What you have to do: Set the data below down again, exactly, with every picture left out.

+++ Material provided

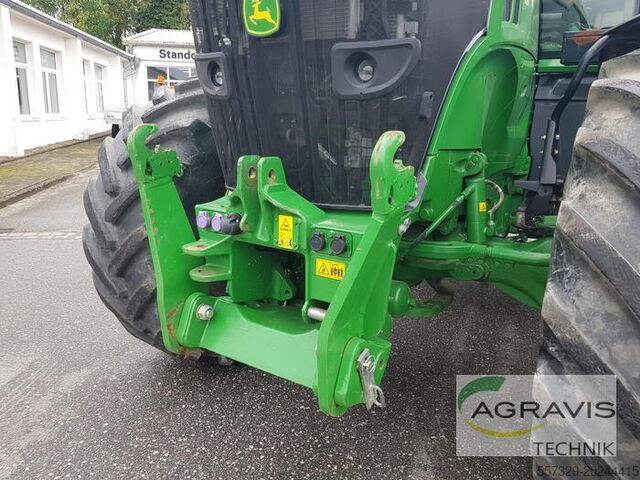 Trattore John Deere 7R 330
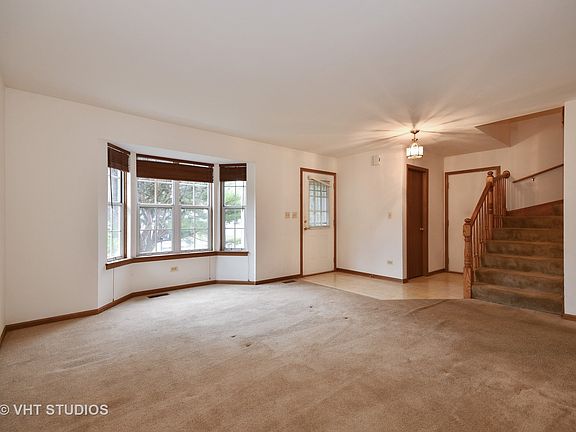 2nd image of 1113 Buckingham Dr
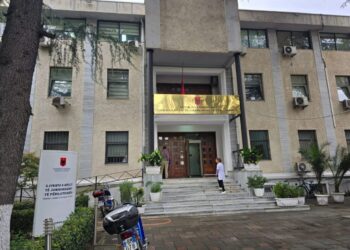 BIRN: Gjyqtarët kritikojnë “sigurinë joekzistente” pas vrasjes së Astrit Kalasë në sallën e gjyqit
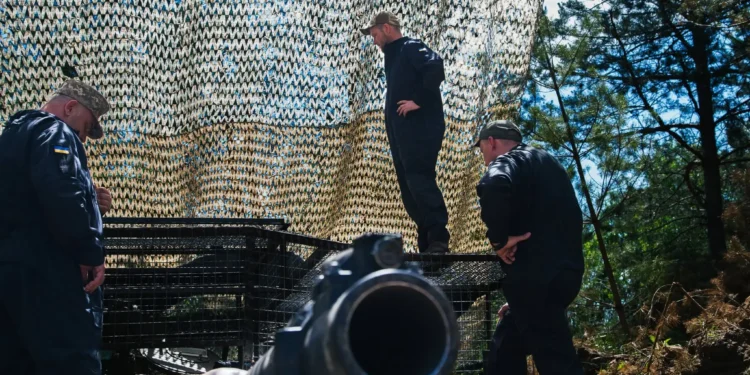 Ukrayna 160. Ayrı Mekanize Tugayı'na ait Lucifer isimli M1A1 Abrams tankına takılan modüler anti-drone kafes sistemi.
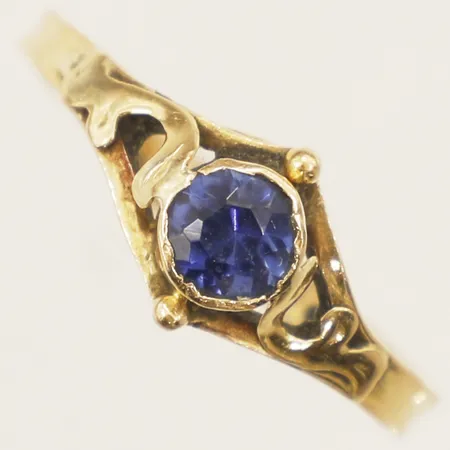 Ring med syntetisk safir stl:17 bredd 8mm år 1962 18K  Vikt: 2,2 g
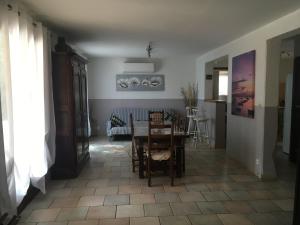 Villas PROVENCALe VILLA WITH POOL AND HOT TUB IN VAR : photos des chambres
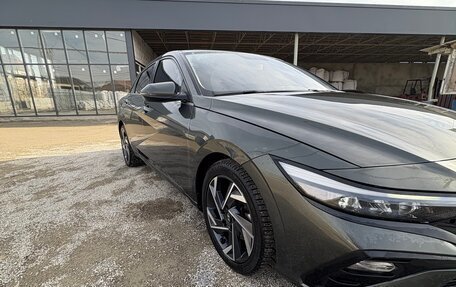 Hyundai Elantra, 2023 год, 1 250 000 рублей, 2 фотография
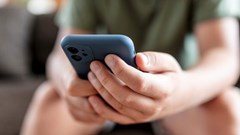 Khi trẻ em sống hai thế giới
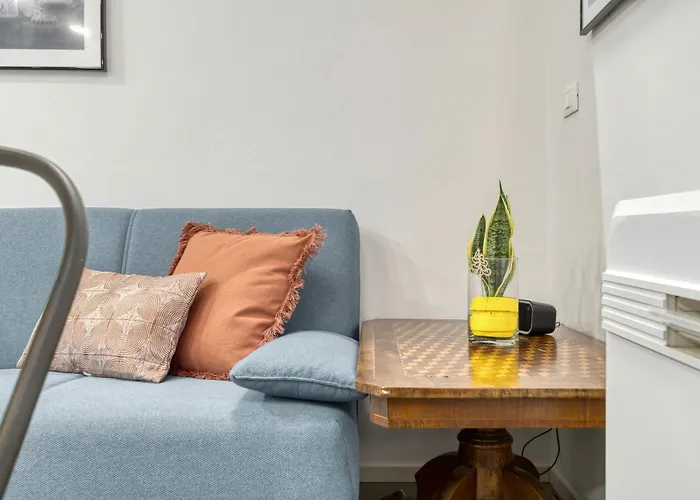 아파트 Domus Aeria By Different *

++++++

Solution:
 Trattore John Deere 7R 330
 2nd image of 1113 Buckingham Dr
 BIRN: Gjyqtarët kritikojnë “sigurinë joekzistente” pas vrasjes së Astrit Kalasë në sallën e gjyqit
 Ukrayna 160. Ayrı Mekanize Tugayı'na ait Lucifer isimli M1A1 Abrams tankına takılan modüler anti-drone kafes sistemi.
 Ring med syntetisk safir stl:17 bredd 8mm år 1962 18K  Vikt: 2,2 g
 Villas PROVENCALe VILLA WITH POOL AND HOT TUB IN VAR : photos des chambres
 Hyundai Elantra, 2023 год, 1 250 000 рублей, 2 фотография
 Khi trẻ em sống hai thế giới
 아파트 Domus Aeria By Different *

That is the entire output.